Instead of settling for three or four minutes of slowly panning still shots, and fade-in, fade-out text tedious enough for a six-year-old to read, try stretching your imagination.
For example, there are dozens of video sharing websites where users post how-to videos. If you've written a book on dog training, the potential of such sites will be obvious. But who's to say a novelist with a book that features a dog can't do the same? There are video sharing websites that focus on sports videos, or funny mishap videos. Zero in on the most interesting aspect of your novel, and get creative.
Alternatively, you might use your trailer in new and interesting ways. The trailer for my science thriller FREEZING POINT is a compilation of purchased video clips with voiceover, with five still shots at the end of my family posing as dead bodies.

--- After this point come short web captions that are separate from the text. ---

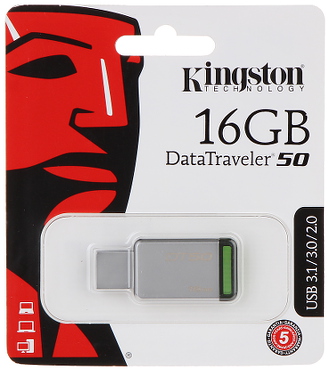 PENDRIVE FD 16 DT50 KING 16 GB USB 3 1 3 0 KINGSTON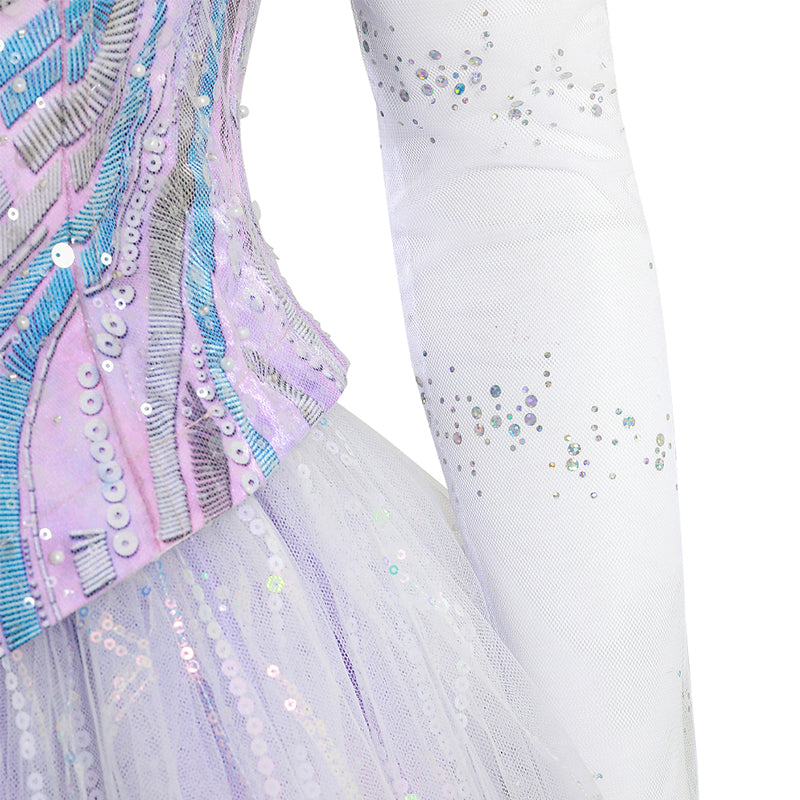 Deluxe Wicked For Good Glinda Cosplay Costume Purple Dress Halloween Outfit ACcosplay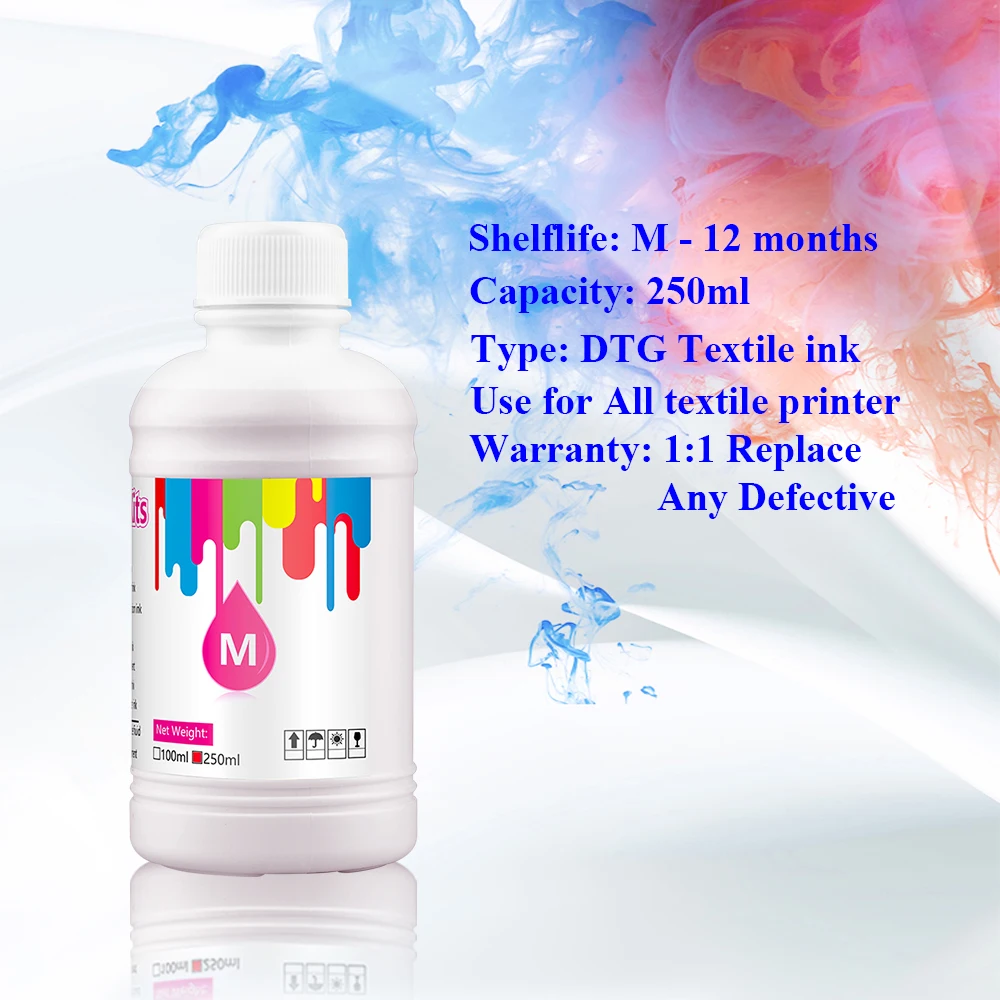 5Colors/Set 250ml DTG Textile Ink for Epson L1800 L800 R330 1390 1400 1410 R1900 DX4 DX5 DX6 DX7 Printhead & DTG Printer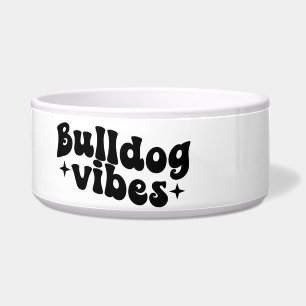 Bulldog Vibes Ceramic Dog Bowl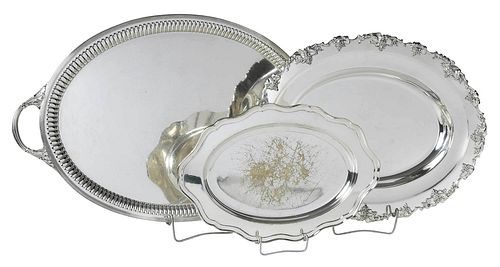 THREE OVAL SILVER PLATE TRAYSAmerican,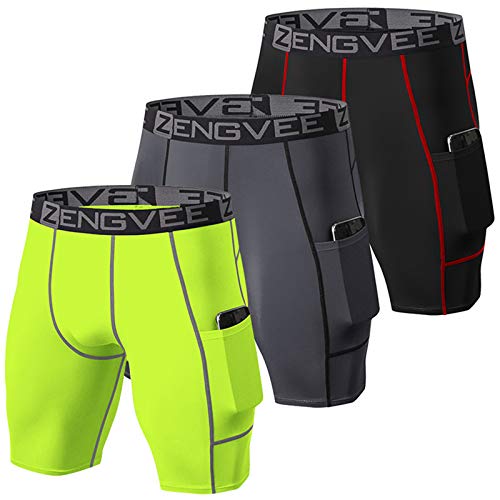 ZENGVEE 3 Piezas Mallas Cortas Hombre Running Pantalones Cortos Hombre de Mallas para Deporte, Fitness, Gym(Black Grey Yellow-XL)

My just-launched “Star in My Book Video” contest invites folks to take similar pictures (nothing gory or gruesome), which I post to the contest website. A week before the book launch, people will vote their favorites, and my webperson will change out the shots.
Because participants are invested in the outcome, they're posting about the contest on their blogs, and passing the link on. The contest generates interest outside my target audience (teenagers LOVE the contest parameters, I've discovered, and why not? I liked to read Michael Crichton and similar adult thrillers too, when I was a teen). And five winners get a signed copy of my novel, a bottle of genuine iceberg water, and two seconds of fame when the version starring them is unveiled at my October 1 online book launch party.
What interesting and inventive things have you done with YOUR book trailer?